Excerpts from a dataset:
▽
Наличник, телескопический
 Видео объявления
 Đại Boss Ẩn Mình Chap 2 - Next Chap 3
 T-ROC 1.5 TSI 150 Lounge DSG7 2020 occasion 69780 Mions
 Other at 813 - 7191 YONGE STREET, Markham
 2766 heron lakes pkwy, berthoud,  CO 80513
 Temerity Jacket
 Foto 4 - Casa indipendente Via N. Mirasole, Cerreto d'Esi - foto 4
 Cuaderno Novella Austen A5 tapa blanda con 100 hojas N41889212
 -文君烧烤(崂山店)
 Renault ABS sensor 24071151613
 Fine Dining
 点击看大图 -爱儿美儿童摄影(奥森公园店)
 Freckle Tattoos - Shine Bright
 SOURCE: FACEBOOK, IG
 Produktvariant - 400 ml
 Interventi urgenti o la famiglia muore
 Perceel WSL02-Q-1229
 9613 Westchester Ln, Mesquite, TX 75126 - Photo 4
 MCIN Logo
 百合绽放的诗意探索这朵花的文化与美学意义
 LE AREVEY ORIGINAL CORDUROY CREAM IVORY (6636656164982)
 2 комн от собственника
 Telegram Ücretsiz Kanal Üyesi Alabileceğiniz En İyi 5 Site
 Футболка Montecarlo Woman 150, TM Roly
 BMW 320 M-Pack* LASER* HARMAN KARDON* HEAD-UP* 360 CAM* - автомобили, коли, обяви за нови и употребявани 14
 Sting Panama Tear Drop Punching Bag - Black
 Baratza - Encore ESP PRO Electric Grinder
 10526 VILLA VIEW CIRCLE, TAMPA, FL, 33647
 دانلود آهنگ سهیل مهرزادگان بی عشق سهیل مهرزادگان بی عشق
△
WORK REQUIRED >>
Look through the data above and return exactly the lines from the one that contains "SOURCE: FACEBOOK, IG" to the one that contains "Telegram Ücretsiz Kanal", inclusive, with nothing else.

OUTPUT BELOW >>
 SOURCE: FACEBOOK, IG
 Produktvariant - 400 ml
 Interventi urgenti o la famiglia muore
 Perceel WSL02-Q-1229
 9613 Westchester Ln, Mesquite, TX 75126 - Photo 4
 MCIN Logo
 百合绽放的诗意探索这朵花的文化与美学意义
 LE AREVEY ORIGINAL CORDUROY CREAM IVORY (6636656164982)
 2 комн от собственника
 Telegram Ücretsiz Kanal Üyesi Alabileceğiniz En İyi 5 Site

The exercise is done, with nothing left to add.